In the last couple of months Sharon, at hi-tech conferences and personal conferences, said he will work to provide tax exemptions to Israeli investors in the industry, similar to the tax exemptions given in September 2001 to foreign investors on their profits from investments in Israeli VC funds.

If the exemptions go through, Israel will become the eighth country in the world to exempt its citizens from tax on investments they make in the local hi-tech industry. According to Leon Harris, International Tax Partner, Ernst & Young Israel, the seven countries to have already done so are Germany, the Netherlands, Belgium, Austria, Switzerland, Singapore and Taiwan. The tax exemption in Germany led to Munich becoming one of the most prominent European hi-tech and VC centers in the last 12 months.

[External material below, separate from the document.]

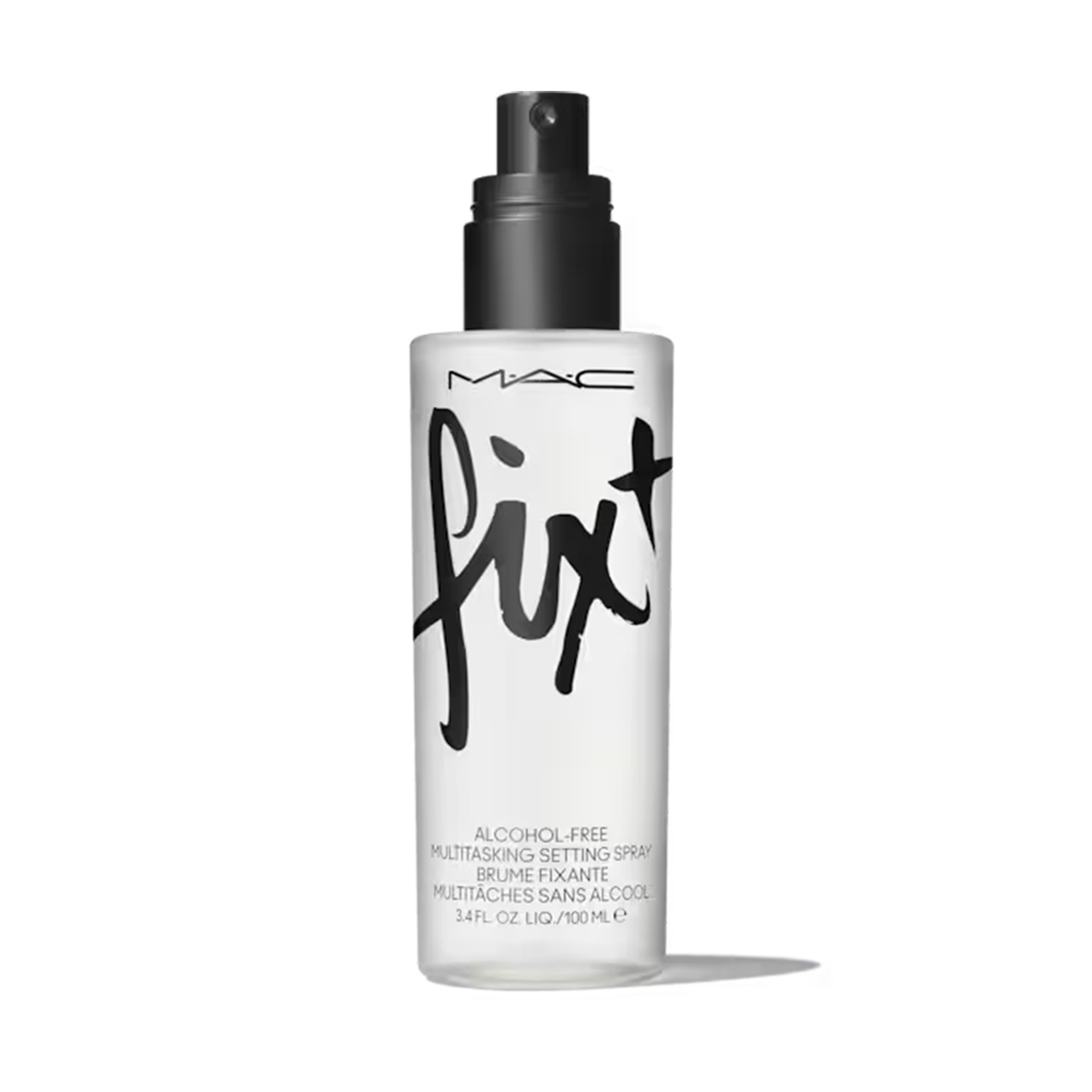 Mac Alcohol-Free Setting Fixing Spray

Harris says local investors in many other countries pay reduced taxes on their investments in hi-tech. In Canada, for example, the tax never exceeds 25%, in France it is about 16% to 26% of the profit, in Britain 10% to 40%, and in Ireland, one of Israel's biggest competitors for foreign capital and local investments, it comes to 20%.

The industry is estimating the benefits to Israeli investors will be at the top of the Rabinovich committee's agenda. The tax rate on profits in the industry is currently 50%. Unlike the tax exemption to foreign investors, which has been legislated, the tax exemption to local investors does not yet have legal backing. It will require legislation, since it may arouse public objections to the idea of one kind of investment being preferred over another.

The tax division manager at Ernst & Young, Doron Kochavi, said the exemption to foreign investors is given only to foreign residents, thus it didn't create any internal preference compared with other sectors. Tax exemption for locals is another matter, Kochavi believes, considered unusual even in western countries.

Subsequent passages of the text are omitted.